Brief:
Below are the records; copy each line in which "pièces" can be found.

Short descriptive text snippets:
####################

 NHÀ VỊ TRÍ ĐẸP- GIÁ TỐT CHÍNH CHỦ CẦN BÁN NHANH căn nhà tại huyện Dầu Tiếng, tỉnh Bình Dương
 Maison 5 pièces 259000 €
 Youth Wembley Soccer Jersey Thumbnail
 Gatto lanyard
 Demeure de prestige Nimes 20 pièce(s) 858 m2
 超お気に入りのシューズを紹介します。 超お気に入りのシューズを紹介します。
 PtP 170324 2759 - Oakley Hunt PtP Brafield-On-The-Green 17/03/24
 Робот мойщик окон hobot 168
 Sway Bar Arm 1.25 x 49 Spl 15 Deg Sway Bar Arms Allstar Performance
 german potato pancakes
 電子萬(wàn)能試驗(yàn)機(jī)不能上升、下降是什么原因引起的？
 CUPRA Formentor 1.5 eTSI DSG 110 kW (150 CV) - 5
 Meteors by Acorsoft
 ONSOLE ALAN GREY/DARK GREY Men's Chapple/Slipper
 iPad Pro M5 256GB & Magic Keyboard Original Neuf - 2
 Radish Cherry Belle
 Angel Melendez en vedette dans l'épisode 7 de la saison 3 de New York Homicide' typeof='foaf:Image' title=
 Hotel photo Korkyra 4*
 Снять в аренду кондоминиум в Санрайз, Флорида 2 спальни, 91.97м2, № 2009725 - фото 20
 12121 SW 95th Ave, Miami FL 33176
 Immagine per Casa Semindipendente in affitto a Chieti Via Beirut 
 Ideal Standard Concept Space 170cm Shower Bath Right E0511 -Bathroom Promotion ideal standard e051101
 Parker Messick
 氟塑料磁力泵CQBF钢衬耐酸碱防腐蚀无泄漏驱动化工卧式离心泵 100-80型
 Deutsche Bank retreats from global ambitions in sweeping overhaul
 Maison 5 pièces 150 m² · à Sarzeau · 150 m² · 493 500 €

####################

Your response:
 Maison 5 pièces 259000 €
 Maison 5 pièces 150 m² · à Sarzeau · 150 m² · 493 500 €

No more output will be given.